- PROVIDED MATERIAL -
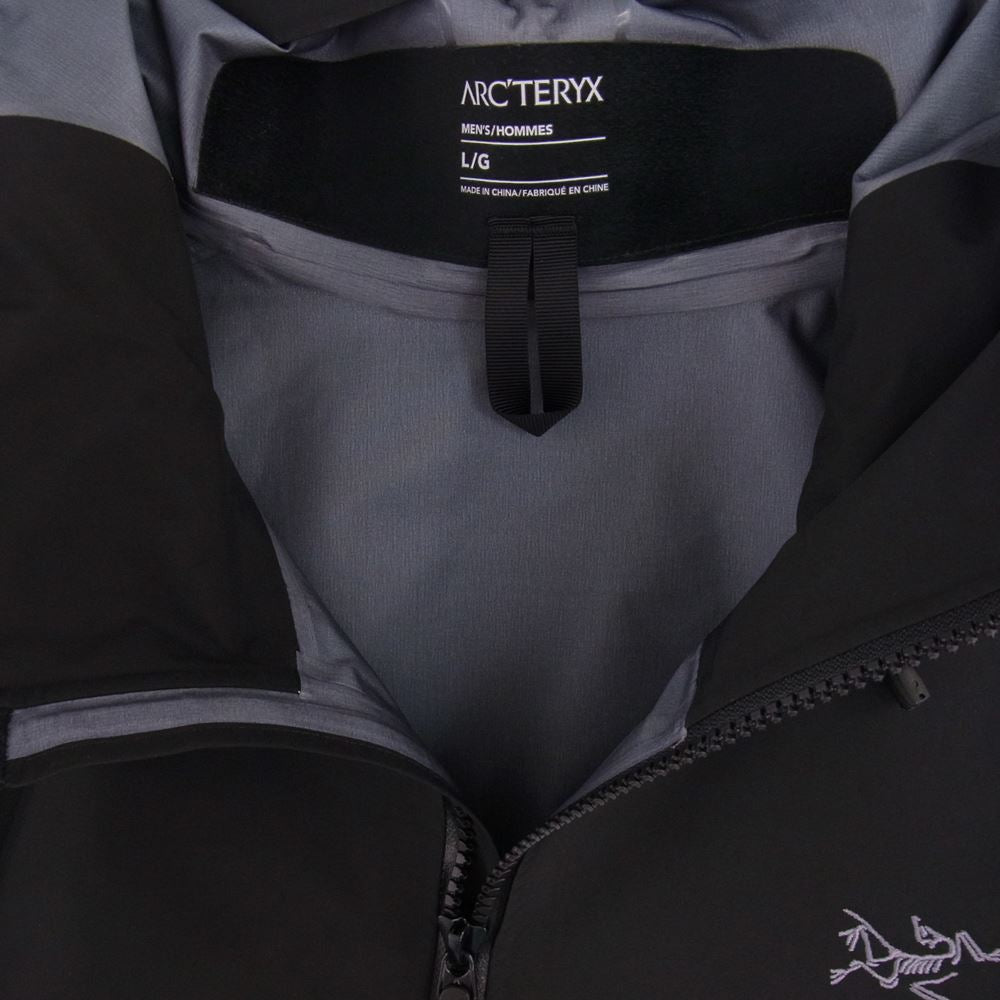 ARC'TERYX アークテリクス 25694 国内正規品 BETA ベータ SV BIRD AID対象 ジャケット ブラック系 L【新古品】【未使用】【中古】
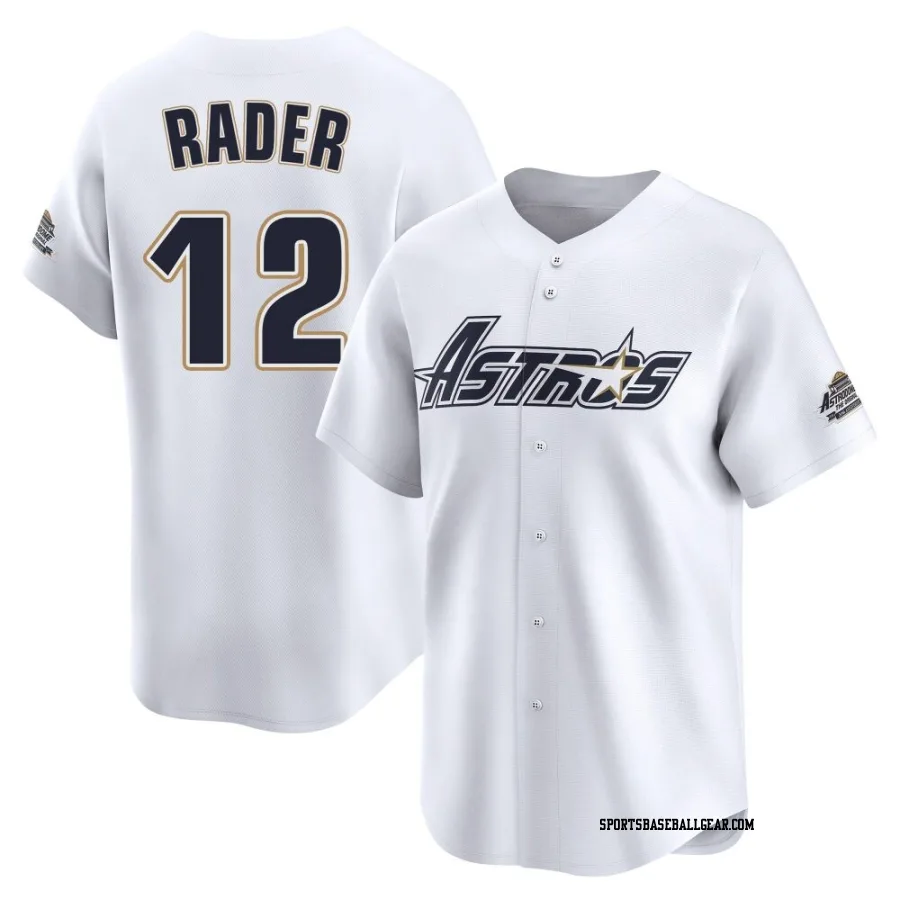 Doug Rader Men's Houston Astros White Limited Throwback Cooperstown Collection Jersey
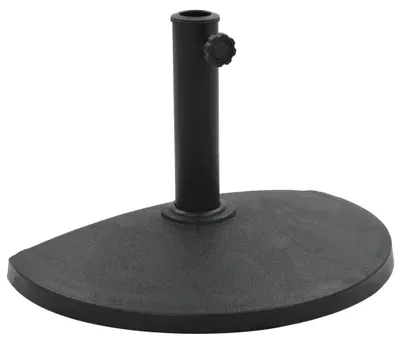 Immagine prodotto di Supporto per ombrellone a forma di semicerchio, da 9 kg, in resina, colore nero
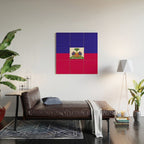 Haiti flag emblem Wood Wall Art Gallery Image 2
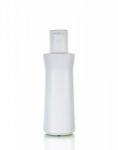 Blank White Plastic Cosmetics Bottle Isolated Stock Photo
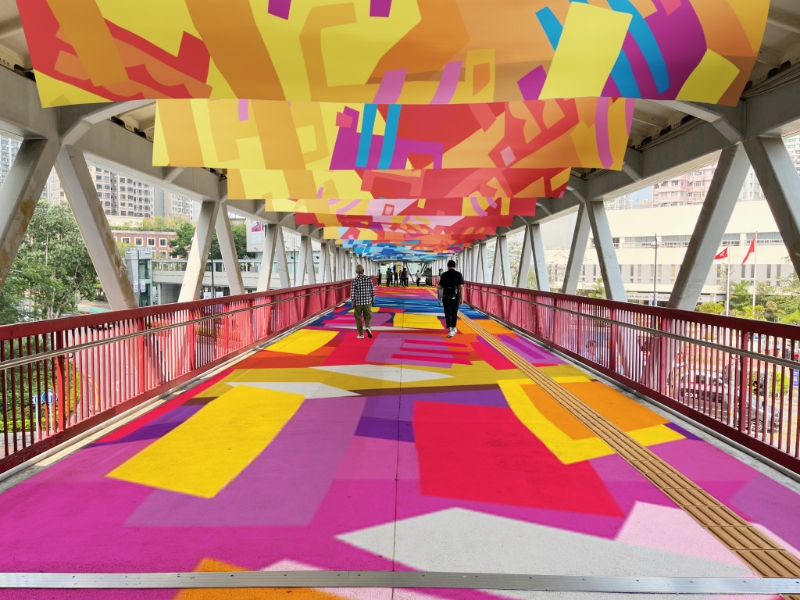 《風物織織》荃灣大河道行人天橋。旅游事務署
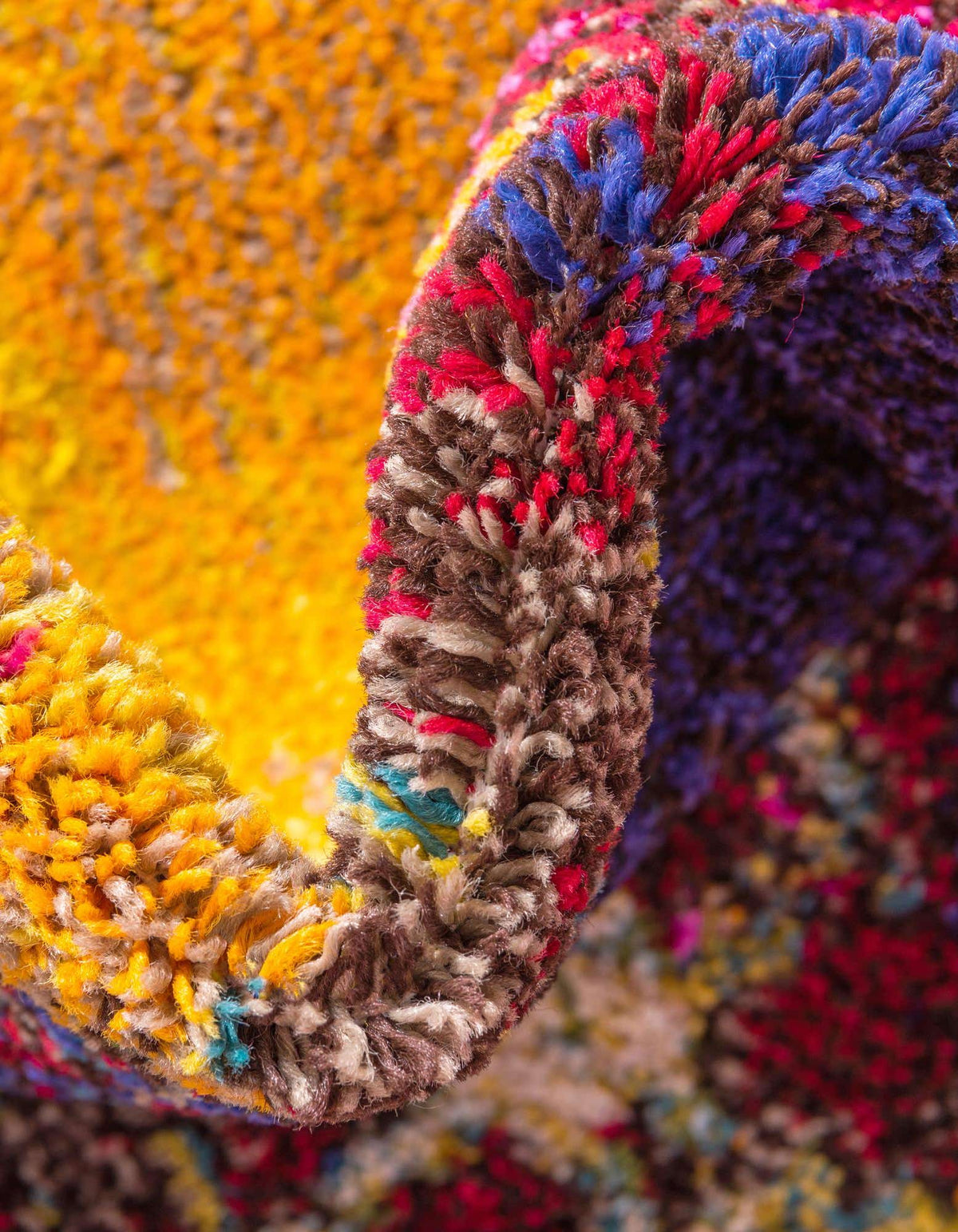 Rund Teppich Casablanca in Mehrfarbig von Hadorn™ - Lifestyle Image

---

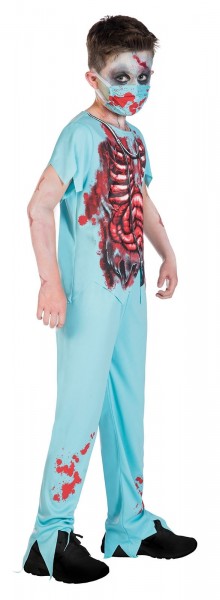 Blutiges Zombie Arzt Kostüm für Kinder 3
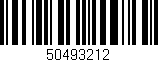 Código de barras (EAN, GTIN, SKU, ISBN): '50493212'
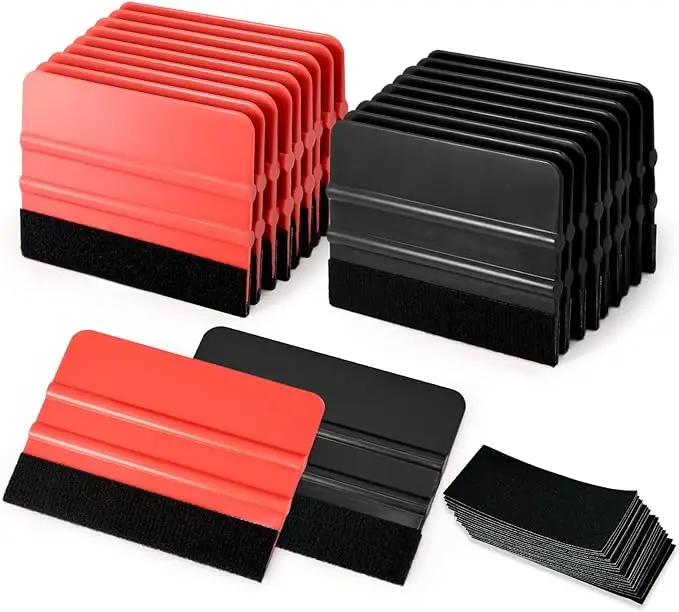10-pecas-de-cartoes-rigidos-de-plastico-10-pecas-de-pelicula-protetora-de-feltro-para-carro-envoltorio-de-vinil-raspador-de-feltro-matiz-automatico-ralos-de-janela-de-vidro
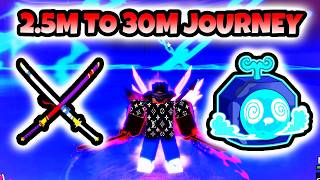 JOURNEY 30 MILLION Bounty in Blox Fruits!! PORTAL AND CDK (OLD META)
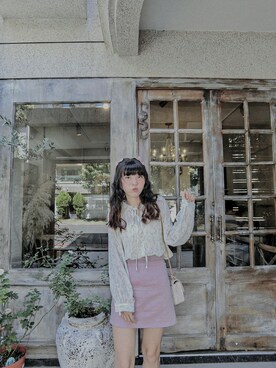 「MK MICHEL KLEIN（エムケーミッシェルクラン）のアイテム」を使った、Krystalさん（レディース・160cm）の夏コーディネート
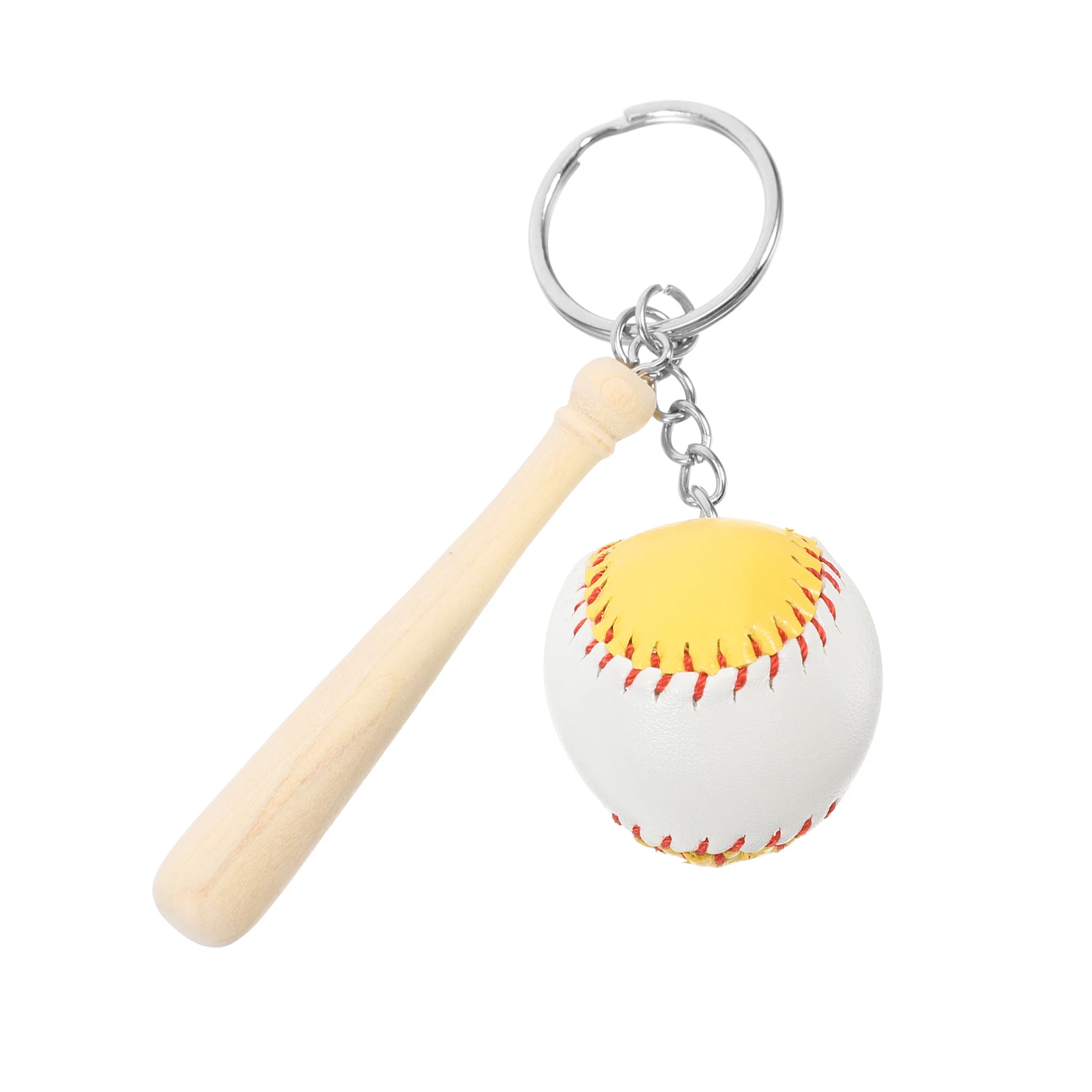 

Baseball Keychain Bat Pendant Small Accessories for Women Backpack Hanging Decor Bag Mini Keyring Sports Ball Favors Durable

--

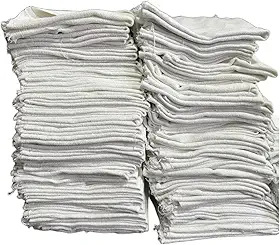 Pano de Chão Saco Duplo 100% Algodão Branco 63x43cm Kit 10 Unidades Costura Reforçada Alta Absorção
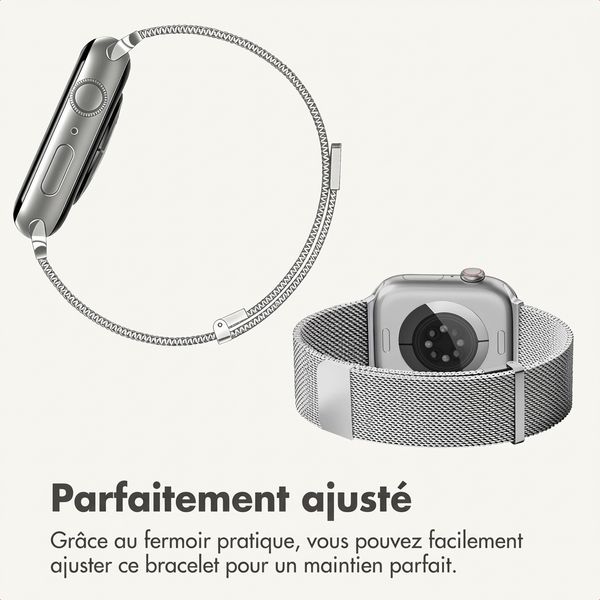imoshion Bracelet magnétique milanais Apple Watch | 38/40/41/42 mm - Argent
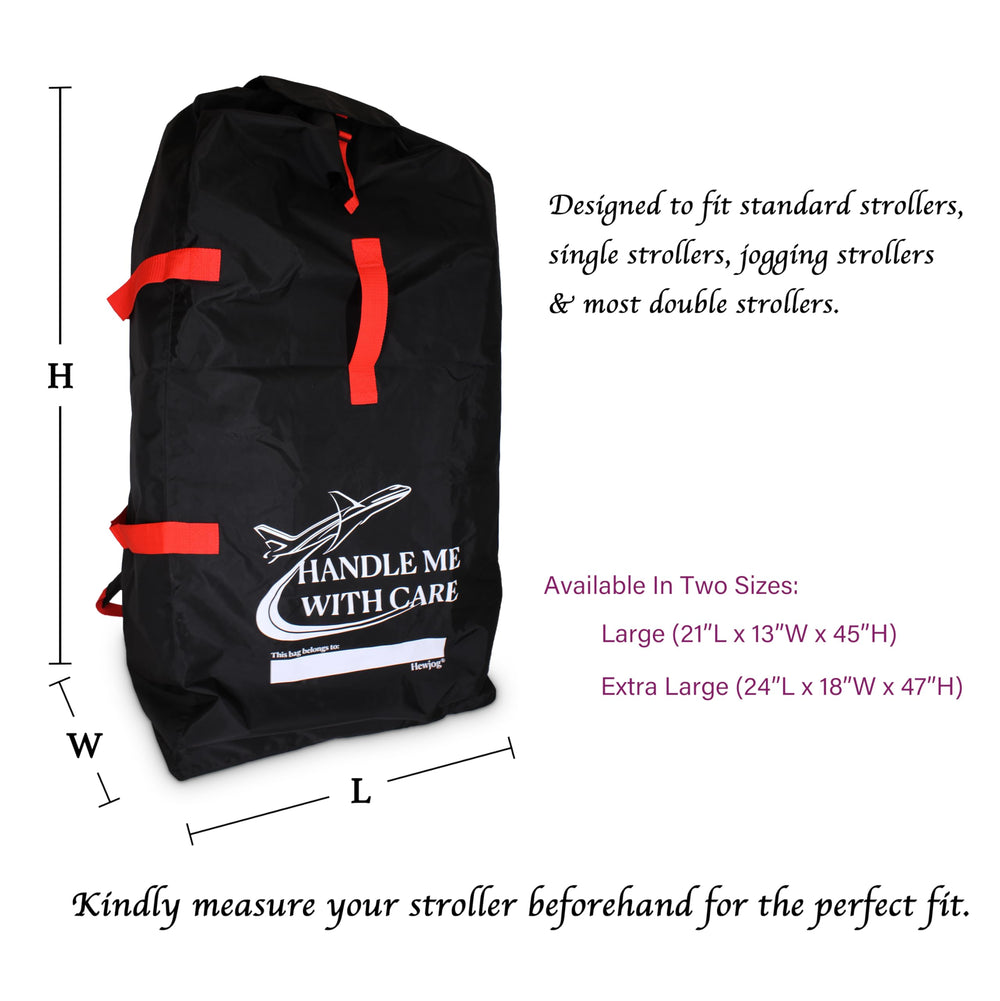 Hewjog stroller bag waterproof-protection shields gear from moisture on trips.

- ASSIGNMENT -
The reply should hold the entries above from the line with "Blank White Plastic" to the line with "Rund Teppich Casablanca", duplicated exactly, pictures excluded.

- EXERCISE ANSWER -
 Blank White Plastic Cosmetics Bottle Isolated Stock Photo
 《風物織織》荃灣大河道行人天橋。旅游事務署
 Rund Teppich Casablanca in Mehrfarbig von Hadorn™ - Lifestyle Image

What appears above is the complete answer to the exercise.